Eles eram apenas crianças. Ainda assim, os dois permaneciam segurando a mão dela mesmo quando a lua subia e as crises começavam. Seu corpo se debatia, os olhos reviravam e as mãos entortavam como garras. Era tão frequente que ele e o Seki desenvolveram uma técnica para conter as lesões da menina, fruto dos próprios espasmos.
Não muito tempo depois, quando a maioria já havia desistido de ir ao templo de Inari para pedir uma solução, Tetsurou manteve-se a noite inteira com as mãos em forma de concha sob o coração de Hana, dizendo que iria livrá-la da energia maléfica acumulada na região.

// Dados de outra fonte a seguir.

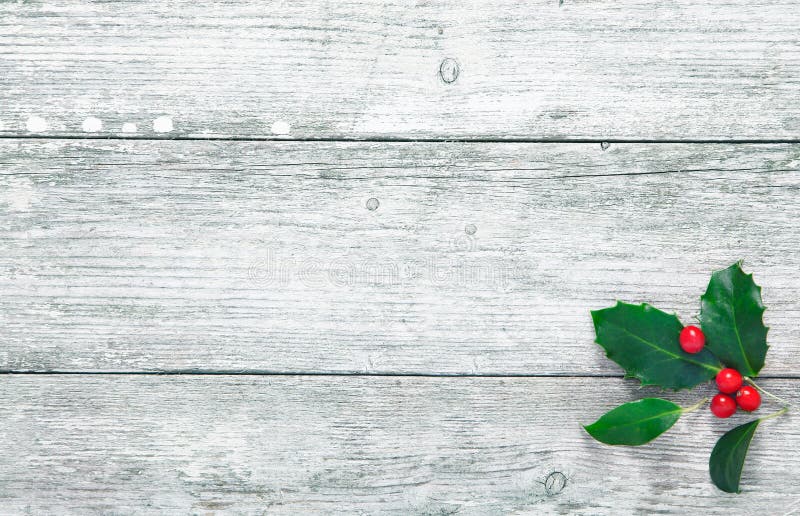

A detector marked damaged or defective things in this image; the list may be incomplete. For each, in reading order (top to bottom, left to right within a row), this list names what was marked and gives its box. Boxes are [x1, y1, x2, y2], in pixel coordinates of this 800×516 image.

Yusuke cruzava os braços e apostava consigo mesmo quando ele ia citar Youkais outra vez. De fato, ao amanhecer, Hana apareceu milagrosamente curada e sem sequelas.

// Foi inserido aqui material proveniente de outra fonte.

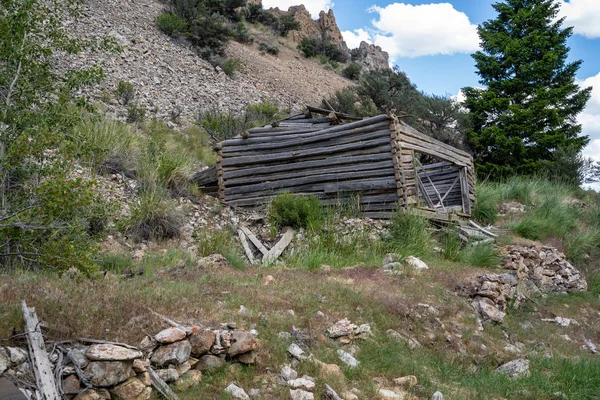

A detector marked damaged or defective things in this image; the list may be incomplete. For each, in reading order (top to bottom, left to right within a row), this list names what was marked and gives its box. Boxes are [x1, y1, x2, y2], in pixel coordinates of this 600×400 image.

broken wooden board [21, 300, 59, 400]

Yusuke encarou o sangue outra vez. Agora, era o pai de Hana que se encontrava debilitado, mas parecia que o herdeiro dos Seki não estava dando conta de exorcizar os demônios que acreditava serem reais, não é mesmo?
Ergueu-se para tomar o caminho de casa e estacou assim que se pôs de pé. Um farfalhar na floresta, mais alto que o som das cigarras. Pousou a mão no cabo da Verdadeira Lâmina da Serpente presa em sua cintura, preparado para sacá-la se precisasse, e foi atrás da origem do som a passos leves. Os arbustos que faziam divisória entre o templo e a mata fechada estavam trêmulos. Uma raposa? Talvez elas ainda rondassem o jardim. Ou poderia ser um ladrão.
Yusuke levantou o queixo, firmou os dedos no cabo e se embrenhou no mato. Afastava os galhos para que eles não agarrassem no tecido de seu kimono, até alcançar o outro lado, deparando-se com uma relva selvagem e… uma pessoa.
Ele arregalou os olhos e sentiu-se empalidecer.
Seki Tetsurou estava agachado e se virou, tão surpreso quanto ele.
— Você…! — Yusuke se desarmou por completo.
Preferia que tivesse sido um bandido.
Ele ainda possuía os cabelos que se assemelhavam às cascas das árvores, e os olhos, vários tons mais claros que os de Yusuke, brilhavam iluminados pela lamparina que segurava. Tetsurou se levantou, a expressão atônita. A chama que ele segurava iluminou o local, querendo alcançar o rosto do outro.
— Yuu-chan! É… é você mesmo? — murmurou, aproximando mais o fogo de Yusuke.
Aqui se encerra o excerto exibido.